Habrá una carta en el buzón, me prometo, un cuaderno en blanco. El maravilloso presente de lo que aún está por escribir. Y vuelvo a emocionarme mientras espero una excusa para bajar a comprobarlo.

5 comentarios:

Mel Alcoholica dijo...

Y entonces, recibo este Mail: "hola Mel, soy la manager de Tal. Los Reyes nos han traído un regalo para ti. Danos tu dirección para que podamos dejartelo en el buzón".

En otro buzón: http://www.youtube.com/watch?v=R_7OME8zkIM&feature=youtube_gdata_player

Quizá sea cierto que basta con creer para que existan.

Alberto Ramos dijo...

Seguro que ya has visto esto.

Felices posfiestas.

Viuda de Hombrepez dijo...

Venga, Mel, que la madurez es más sencilla de lo que parece (lo dice Alicia, con sus ilusionados 7 añitos)

http://dondemidori.tumblr.com/post/15446304284/la-vida-adulta-segun-alicia-n-del-t-recta

besos!!!!

Mel Alcoholica dijo...

Mi propósito de año nuevo. Levantarme cada día así:
http://www.youtube.com/watch?v=DEVnqu_CCaU

La gata Roma dijo...

En esta pequeña familia mía aún nos despertamos nerviosos corriendo al salón para abrir paquetes. No hay parafernalia de camellos, es absurdo, pero sí es cierto que hasta esa mañana, no sueles tener ni puta idea de lo que te van a regalar.

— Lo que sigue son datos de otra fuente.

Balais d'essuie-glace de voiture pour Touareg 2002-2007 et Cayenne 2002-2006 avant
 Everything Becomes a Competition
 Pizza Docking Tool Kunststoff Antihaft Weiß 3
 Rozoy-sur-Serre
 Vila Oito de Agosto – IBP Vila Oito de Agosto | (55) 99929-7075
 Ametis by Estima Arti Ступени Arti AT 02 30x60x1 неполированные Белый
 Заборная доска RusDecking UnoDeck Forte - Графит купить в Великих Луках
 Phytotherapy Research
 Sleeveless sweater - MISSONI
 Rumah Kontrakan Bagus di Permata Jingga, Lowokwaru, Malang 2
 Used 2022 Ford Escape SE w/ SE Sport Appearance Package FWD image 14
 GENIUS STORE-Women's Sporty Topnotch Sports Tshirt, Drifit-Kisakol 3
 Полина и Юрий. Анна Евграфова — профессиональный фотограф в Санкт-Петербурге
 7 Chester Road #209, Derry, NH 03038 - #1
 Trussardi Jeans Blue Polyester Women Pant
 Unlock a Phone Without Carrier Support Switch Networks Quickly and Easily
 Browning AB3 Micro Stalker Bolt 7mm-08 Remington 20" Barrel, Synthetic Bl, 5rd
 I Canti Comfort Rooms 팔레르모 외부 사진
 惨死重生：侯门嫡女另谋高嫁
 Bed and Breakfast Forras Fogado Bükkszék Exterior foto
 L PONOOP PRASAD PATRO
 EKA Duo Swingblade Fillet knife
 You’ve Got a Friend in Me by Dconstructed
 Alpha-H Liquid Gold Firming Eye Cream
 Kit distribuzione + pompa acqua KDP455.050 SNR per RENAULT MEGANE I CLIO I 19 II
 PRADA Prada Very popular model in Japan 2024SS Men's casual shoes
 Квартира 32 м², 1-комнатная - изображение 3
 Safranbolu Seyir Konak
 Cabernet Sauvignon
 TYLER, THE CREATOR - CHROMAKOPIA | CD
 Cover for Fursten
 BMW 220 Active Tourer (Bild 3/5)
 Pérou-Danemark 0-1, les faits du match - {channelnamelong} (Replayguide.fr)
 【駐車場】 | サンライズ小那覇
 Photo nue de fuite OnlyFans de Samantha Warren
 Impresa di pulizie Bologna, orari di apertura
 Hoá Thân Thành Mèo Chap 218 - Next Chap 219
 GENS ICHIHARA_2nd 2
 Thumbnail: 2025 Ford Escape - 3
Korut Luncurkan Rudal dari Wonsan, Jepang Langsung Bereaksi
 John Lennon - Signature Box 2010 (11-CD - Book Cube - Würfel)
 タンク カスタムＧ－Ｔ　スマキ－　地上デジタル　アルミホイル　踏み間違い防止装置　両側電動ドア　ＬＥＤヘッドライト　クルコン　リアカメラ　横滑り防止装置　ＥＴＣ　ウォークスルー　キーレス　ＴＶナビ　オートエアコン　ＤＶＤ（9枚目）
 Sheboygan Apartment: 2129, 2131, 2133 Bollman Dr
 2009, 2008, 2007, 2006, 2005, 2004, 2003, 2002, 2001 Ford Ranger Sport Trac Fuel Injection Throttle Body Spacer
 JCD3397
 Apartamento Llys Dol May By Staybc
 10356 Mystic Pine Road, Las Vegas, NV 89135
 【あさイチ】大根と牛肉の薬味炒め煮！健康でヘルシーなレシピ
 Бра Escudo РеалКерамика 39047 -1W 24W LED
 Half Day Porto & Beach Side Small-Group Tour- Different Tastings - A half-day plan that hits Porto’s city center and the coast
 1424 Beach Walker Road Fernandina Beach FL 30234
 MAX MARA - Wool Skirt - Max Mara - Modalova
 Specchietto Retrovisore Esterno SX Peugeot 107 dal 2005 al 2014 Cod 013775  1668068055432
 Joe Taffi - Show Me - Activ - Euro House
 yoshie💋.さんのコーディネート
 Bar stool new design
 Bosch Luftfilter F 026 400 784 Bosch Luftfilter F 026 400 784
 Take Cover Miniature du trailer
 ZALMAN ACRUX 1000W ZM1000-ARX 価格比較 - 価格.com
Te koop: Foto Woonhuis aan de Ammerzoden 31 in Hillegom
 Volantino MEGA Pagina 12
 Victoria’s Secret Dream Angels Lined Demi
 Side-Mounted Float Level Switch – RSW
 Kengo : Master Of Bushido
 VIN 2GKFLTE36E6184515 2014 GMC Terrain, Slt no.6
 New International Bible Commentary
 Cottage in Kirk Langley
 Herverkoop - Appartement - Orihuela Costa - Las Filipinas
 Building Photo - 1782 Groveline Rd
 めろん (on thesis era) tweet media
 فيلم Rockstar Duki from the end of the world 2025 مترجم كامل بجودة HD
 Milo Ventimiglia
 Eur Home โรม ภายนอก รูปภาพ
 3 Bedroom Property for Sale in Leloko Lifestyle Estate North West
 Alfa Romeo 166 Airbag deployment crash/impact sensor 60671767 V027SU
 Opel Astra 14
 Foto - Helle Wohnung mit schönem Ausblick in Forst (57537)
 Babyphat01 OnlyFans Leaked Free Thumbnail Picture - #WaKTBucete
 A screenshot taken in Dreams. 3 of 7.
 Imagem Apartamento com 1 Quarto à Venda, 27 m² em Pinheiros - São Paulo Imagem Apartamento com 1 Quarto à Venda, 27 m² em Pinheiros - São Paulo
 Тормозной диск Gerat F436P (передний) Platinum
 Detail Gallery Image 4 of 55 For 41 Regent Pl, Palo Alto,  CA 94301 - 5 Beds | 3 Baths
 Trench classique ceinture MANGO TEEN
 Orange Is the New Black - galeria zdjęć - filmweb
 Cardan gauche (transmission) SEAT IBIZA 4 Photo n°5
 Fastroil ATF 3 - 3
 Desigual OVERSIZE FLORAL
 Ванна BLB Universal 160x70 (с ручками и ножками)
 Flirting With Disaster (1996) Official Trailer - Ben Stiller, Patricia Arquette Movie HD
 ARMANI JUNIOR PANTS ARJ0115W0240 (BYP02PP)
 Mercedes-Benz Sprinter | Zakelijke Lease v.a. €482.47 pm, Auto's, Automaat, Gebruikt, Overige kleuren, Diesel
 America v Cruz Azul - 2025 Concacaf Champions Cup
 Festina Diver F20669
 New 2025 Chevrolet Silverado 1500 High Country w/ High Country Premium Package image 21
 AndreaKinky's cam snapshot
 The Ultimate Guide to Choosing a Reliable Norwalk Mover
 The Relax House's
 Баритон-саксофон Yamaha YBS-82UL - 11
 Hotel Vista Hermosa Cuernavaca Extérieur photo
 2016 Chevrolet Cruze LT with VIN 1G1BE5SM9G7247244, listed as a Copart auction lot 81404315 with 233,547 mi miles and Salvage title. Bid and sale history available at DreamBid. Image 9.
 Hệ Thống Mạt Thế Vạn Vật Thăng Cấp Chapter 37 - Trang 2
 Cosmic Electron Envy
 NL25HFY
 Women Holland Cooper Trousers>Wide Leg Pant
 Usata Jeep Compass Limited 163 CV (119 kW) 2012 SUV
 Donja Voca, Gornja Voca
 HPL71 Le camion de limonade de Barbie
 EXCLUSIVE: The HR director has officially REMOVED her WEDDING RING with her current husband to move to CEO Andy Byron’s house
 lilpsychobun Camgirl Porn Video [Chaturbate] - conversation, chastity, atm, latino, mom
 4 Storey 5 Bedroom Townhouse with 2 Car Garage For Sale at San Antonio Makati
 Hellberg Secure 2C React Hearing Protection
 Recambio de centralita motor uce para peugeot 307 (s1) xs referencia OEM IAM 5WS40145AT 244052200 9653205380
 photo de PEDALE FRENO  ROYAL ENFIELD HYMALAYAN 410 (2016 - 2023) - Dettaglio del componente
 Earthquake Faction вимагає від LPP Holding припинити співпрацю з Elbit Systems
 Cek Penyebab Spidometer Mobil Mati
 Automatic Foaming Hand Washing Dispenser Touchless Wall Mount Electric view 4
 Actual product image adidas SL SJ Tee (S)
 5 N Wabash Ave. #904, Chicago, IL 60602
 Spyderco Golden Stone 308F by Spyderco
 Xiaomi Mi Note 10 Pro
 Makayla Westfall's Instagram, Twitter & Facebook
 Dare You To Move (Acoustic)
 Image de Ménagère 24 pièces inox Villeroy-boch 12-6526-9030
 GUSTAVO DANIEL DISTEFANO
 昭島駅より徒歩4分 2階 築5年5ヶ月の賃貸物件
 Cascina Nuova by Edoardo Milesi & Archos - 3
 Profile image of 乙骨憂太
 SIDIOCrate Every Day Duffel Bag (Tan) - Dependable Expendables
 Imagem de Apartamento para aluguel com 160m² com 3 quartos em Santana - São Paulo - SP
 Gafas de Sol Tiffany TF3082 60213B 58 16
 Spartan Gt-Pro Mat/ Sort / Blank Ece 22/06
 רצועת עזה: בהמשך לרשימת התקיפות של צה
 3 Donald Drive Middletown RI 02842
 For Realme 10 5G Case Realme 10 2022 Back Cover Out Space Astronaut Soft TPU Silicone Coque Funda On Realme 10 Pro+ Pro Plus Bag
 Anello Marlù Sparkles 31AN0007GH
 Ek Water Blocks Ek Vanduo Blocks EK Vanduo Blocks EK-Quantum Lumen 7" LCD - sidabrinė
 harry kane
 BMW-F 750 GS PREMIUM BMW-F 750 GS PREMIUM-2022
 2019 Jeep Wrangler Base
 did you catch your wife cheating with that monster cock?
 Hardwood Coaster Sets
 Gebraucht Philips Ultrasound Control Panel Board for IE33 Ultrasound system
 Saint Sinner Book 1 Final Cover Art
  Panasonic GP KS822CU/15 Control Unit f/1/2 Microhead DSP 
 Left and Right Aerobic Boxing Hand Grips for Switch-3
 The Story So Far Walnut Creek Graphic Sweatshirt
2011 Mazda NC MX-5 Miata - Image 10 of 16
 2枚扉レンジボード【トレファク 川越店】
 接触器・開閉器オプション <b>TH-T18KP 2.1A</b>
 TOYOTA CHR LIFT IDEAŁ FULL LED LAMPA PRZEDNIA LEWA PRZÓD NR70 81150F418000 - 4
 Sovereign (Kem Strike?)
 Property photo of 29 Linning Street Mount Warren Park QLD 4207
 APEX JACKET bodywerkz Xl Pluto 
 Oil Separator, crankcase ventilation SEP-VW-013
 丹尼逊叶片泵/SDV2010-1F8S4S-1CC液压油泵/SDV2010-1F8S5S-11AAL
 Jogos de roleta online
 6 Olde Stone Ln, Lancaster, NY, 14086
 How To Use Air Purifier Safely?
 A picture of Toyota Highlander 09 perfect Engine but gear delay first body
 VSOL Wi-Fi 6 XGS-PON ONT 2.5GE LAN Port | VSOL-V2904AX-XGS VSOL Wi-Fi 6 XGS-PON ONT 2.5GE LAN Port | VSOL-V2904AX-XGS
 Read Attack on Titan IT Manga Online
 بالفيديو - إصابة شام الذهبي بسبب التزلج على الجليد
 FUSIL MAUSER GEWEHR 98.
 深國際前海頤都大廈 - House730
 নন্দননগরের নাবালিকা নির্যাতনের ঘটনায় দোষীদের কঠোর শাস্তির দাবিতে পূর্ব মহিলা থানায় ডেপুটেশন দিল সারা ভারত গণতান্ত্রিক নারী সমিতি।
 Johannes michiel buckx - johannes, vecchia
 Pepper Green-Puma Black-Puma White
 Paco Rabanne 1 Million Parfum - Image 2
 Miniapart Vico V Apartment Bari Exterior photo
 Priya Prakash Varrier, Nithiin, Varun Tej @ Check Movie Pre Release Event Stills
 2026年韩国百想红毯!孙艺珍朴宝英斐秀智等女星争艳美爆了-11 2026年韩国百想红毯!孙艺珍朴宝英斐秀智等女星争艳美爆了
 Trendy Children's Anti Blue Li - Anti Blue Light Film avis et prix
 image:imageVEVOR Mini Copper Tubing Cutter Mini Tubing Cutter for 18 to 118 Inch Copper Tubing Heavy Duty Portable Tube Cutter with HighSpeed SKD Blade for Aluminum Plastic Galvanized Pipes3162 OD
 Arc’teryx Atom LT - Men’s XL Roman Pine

Odio la Navidad, la odio mucho, y este año no paro de pensar que si no tuviera una minifamilia que me obliga a seguir algunas costumbres, sería una antisocial que cenaría pizza en pijama la noche del 24. Imagino que cuando me falten ellos, o les falte yo, me despertaré como tú, odiando en mi caso más aún la puta Navidad porque nadie compartirá mi ilusión por la mañana porque no habrá nada que compartir.